# double barrelled names to go with Ava



## proudmummy

We aren't ttc yet but have always loved Ava-Jane for a little girl.
I also like Ava-beau, Rosalie, India and evelyn.

For a boy I like Oscar, but cant think of anything else we like.
Which is your favourite or do you have any more suggestions?


----------



## Midnight_Fairy

Ithink Ava stands pretty well on its own


----------



## 060509.x

I'm not a fan of double barrelled names, but I've seen Ava-Grace, that looks kind of nice. 
Ava-Mae sounds nice too, but as pp said Ava stands pretty well on it's own.


----------



## Varenne

I like Ava and India. I wouldn't choose beau for a girl as it is the French masculine form of beautiful. The feminine version belle is prettier anyway!


----------



## MUMOF5

Ava is my 'reserved' name for a girl too.
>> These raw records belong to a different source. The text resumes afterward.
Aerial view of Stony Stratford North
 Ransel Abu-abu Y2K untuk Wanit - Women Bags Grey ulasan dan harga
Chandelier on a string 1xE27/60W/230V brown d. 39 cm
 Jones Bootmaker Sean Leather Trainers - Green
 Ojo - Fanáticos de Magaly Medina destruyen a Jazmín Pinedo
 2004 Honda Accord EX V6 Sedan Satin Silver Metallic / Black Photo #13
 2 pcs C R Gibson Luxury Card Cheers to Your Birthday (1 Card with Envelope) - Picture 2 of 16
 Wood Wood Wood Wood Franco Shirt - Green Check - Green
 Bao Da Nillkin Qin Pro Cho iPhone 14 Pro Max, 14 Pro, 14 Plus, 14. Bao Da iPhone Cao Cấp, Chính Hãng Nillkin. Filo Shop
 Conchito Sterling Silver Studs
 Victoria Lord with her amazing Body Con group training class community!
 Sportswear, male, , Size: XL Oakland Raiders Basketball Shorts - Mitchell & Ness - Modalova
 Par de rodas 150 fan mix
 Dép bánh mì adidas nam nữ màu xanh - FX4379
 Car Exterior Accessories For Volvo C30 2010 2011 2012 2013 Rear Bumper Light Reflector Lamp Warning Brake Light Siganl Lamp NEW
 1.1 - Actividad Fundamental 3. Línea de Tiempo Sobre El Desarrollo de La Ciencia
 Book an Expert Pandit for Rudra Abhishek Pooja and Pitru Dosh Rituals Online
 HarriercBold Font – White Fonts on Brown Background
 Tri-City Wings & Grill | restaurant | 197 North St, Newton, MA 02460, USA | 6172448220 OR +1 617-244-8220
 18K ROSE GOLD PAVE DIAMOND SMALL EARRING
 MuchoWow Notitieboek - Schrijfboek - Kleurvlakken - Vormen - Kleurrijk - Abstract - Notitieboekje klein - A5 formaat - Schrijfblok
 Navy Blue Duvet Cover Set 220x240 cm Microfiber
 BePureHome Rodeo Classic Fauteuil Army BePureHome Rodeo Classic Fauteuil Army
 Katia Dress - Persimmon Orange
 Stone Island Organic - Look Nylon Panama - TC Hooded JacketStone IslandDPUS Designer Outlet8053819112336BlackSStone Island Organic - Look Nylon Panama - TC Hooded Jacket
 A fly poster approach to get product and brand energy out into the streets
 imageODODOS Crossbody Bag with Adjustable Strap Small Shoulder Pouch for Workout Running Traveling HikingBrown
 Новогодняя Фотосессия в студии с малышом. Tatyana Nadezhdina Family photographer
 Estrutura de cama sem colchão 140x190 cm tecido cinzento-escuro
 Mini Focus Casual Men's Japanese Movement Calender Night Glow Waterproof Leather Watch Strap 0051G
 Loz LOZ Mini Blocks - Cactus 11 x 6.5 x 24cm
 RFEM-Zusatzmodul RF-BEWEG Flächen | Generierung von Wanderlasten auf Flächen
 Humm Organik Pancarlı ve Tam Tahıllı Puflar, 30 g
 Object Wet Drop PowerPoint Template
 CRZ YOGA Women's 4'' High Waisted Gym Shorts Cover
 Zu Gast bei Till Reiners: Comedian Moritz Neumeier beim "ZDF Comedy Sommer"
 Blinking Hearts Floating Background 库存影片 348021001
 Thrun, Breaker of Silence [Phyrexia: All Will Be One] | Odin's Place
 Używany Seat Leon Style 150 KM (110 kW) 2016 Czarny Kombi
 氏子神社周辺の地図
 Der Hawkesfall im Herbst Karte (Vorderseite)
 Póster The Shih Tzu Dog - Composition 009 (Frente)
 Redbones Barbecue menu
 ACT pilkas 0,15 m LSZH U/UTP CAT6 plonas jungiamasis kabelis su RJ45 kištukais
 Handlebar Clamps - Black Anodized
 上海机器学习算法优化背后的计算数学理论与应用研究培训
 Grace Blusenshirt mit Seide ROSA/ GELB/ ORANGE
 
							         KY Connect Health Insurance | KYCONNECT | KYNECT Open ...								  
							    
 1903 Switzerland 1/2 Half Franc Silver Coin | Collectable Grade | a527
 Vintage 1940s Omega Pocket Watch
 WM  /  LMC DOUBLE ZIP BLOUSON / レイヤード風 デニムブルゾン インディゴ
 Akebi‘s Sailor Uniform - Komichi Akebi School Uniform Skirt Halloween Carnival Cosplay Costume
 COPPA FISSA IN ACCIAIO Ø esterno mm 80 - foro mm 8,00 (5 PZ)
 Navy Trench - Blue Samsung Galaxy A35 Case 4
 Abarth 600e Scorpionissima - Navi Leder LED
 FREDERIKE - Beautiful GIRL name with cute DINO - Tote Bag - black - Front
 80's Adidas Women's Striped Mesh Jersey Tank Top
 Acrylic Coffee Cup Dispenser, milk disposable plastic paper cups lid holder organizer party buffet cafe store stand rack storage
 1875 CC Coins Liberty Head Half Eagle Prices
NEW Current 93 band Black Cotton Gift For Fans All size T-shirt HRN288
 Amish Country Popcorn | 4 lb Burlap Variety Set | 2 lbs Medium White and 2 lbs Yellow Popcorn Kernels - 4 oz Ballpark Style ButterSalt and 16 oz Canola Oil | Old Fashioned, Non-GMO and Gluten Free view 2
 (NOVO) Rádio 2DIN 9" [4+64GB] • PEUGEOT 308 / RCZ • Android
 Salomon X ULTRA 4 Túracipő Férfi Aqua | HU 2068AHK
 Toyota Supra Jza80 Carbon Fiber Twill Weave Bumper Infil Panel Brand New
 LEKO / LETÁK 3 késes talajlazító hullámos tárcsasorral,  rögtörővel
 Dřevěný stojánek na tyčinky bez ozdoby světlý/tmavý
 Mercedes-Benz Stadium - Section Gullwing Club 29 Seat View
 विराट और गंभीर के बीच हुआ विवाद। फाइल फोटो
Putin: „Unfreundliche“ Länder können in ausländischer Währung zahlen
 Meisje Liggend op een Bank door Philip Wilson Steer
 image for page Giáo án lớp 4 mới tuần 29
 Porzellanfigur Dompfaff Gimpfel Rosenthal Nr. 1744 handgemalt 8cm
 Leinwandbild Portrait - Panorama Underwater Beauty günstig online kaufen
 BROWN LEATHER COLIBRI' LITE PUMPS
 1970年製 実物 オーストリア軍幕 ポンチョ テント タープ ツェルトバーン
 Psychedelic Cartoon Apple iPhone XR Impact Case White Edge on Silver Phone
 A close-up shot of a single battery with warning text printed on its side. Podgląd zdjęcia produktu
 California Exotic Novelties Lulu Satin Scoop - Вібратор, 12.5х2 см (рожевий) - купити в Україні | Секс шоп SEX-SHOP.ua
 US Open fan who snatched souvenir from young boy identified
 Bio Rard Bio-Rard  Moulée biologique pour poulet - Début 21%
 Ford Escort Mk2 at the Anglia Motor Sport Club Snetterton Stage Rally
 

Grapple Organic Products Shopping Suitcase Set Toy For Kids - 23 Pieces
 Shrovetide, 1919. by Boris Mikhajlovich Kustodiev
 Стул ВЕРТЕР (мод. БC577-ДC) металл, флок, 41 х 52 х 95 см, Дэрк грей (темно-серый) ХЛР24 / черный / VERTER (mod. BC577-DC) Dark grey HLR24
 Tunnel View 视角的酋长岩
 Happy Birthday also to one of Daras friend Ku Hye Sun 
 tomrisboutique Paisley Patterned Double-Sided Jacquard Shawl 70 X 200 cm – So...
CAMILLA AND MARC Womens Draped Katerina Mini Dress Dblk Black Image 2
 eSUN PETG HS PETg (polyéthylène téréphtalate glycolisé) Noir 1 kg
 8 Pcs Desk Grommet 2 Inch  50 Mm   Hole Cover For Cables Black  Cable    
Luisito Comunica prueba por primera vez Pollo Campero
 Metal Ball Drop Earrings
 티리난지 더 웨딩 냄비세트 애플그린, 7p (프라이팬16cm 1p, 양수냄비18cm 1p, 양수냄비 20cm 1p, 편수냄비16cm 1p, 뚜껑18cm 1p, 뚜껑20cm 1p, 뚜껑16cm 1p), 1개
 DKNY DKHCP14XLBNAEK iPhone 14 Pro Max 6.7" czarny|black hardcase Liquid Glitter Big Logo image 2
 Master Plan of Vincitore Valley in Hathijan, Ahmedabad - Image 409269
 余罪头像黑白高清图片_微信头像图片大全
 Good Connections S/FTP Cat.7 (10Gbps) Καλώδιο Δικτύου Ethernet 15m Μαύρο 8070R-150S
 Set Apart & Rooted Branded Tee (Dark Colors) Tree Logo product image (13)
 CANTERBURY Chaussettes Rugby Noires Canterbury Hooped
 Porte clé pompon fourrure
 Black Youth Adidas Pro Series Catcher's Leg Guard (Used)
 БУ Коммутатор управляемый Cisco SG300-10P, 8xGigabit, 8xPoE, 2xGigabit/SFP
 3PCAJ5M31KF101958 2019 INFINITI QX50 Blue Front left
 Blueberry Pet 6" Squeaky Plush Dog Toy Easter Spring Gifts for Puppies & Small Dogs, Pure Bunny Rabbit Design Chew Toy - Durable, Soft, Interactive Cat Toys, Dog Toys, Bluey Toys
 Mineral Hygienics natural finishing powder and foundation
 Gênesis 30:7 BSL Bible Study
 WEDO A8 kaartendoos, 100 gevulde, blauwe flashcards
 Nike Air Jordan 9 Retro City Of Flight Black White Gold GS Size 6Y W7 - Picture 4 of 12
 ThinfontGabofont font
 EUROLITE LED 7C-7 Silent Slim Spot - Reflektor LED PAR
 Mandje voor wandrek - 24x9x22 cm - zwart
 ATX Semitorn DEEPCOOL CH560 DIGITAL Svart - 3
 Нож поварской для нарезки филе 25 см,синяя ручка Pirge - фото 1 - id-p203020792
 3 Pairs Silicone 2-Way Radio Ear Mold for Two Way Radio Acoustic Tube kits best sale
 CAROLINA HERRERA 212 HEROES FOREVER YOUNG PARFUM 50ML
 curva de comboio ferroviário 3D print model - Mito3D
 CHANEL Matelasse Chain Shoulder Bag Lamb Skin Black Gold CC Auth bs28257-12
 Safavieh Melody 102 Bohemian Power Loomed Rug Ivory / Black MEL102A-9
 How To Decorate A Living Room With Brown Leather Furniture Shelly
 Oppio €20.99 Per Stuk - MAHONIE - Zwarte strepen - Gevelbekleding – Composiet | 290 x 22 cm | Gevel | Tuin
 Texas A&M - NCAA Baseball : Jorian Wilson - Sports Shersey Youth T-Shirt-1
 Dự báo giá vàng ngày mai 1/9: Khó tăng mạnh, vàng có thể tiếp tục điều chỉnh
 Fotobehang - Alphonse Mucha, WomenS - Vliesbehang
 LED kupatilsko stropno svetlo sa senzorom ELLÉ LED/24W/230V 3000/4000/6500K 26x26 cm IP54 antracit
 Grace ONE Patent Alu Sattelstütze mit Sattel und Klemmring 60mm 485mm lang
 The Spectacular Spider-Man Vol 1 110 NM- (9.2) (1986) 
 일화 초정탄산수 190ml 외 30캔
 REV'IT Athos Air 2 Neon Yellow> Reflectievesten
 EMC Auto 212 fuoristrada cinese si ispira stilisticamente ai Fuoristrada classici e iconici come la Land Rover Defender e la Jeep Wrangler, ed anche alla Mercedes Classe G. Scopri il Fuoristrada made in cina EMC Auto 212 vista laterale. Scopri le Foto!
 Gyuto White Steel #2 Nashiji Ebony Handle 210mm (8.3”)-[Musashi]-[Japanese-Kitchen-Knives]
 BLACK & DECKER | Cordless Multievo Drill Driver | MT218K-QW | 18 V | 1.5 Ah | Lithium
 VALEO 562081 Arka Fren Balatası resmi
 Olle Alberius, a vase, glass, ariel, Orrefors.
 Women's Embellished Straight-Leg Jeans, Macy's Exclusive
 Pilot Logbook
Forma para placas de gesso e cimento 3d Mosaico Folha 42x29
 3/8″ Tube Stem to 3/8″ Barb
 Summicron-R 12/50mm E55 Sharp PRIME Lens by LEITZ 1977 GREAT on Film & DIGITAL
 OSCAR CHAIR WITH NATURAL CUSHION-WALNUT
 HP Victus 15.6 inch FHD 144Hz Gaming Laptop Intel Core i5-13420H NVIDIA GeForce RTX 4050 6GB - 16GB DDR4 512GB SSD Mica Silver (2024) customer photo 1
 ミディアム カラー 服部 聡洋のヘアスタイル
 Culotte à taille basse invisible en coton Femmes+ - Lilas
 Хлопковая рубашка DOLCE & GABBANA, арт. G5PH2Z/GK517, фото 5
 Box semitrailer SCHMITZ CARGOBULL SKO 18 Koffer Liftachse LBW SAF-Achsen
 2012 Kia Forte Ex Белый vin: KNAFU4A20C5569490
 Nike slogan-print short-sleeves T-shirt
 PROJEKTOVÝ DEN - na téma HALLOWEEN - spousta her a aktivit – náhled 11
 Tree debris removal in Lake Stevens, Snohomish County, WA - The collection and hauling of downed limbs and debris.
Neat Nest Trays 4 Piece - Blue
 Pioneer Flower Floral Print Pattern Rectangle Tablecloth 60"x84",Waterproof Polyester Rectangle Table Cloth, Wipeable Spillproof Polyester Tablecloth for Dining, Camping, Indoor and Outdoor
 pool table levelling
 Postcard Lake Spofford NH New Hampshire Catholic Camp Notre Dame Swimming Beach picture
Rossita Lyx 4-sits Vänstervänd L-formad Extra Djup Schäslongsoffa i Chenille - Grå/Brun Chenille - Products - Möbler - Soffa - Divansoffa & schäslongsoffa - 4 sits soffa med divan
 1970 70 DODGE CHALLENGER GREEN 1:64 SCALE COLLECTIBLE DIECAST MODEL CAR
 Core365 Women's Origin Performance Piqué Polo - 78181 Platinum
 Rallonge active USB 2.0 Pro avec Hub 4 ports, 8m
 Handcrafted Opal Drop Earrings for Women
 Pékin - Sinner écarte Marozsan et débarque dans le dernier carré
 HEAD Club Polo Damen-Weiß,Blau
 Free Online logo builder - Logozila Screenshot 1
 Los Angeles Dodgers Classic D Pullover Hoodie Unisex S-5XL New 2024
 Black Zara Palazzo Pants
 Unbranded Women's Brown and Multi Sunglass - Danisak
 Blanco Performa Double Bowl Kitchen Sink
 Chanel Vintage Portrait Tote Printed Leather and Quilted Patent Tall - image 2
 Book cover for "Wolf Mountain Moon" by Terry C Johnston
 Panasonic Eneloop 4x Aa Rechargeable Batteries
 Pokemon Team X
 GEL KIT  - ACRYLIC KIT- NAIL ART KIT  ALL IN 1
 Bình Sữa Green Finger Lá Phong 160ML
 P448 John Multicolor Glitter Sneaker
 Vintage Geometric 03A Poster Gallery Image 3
As pp's have said, it sounds fab on its own, but I do like some names hyphenated with it too, such as Ava-Grace, Ava-Mae, Ava-Rose, Ava-Sofia, Ava-Lily :flower:


----------



## Midnight_Fairy

Jade


----------



## JJKCB

a short name would sound best, like:

Ava- Rae
Ava- Reece
Ava- Loni
Ava- Lane
Ava- Mae
Ava- Lee or Leigh
Ava- Dee
Ava- belle
Ava- Rose
Ava- Bea
Ava- Lynn


----------



## bumski

i love India but dh just wouldnt go with it

Ava-Rae is cute,

we are using Rae in our DDs middle name (Alice-Rae)


----------



## wannabemomy37

Ava-Marie
Ava-Claire
Ava-Leigh


----------